PROBLEM DESCRIPTION. The data must be given again exactly as written, with all images omitted.

DATASET SECTION.
□ □ □ □ □
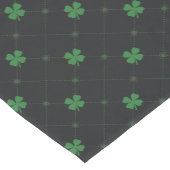 Vier lef-klaver korte tafelloper (Hoek)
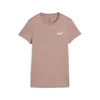 Puma ESS SMALL NO. 1 LOGO TEE (S), ženska majica, smeđa 682373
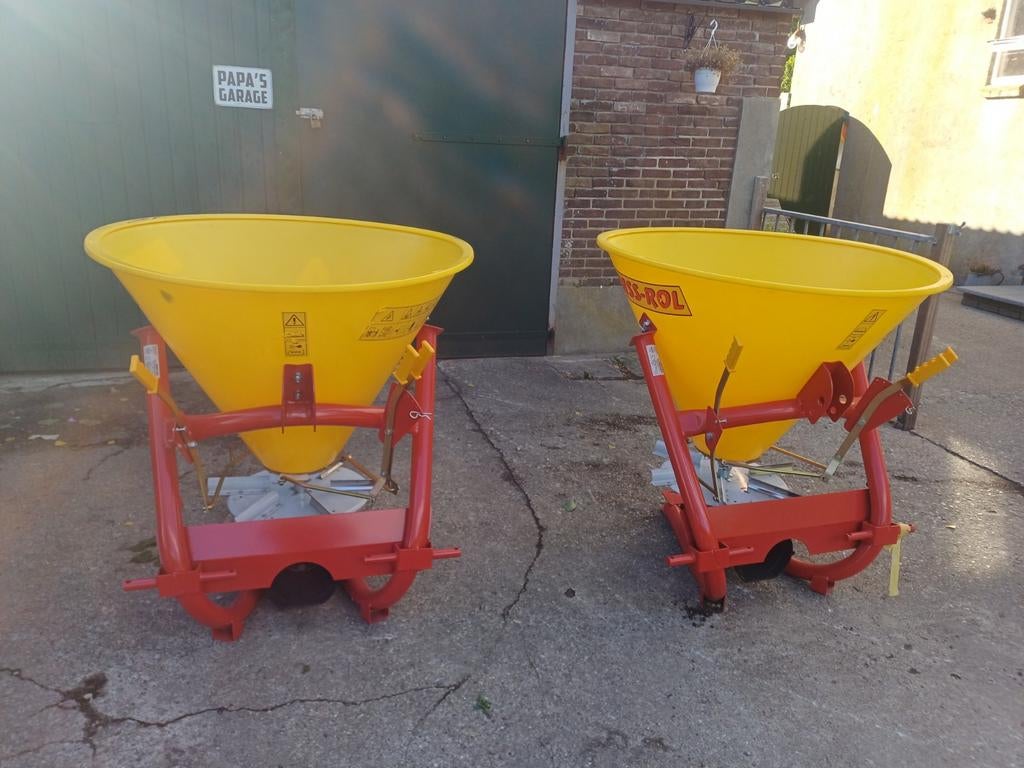Werktuigen minitrekker grondfrees grondbak klepelmaaier, Ophalen, Transport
□ □ □ □ □
RESPONSE AREA.
 Vier lef-klaver korte tafelloper (Hoek)
 Puma ESS SMALL NO. 1 LOGO TEE (S), ženska majica, smeđa 682373
Werktuigen minitrekker grondfrees grondbak klepelmaaier, Ophalen, Transport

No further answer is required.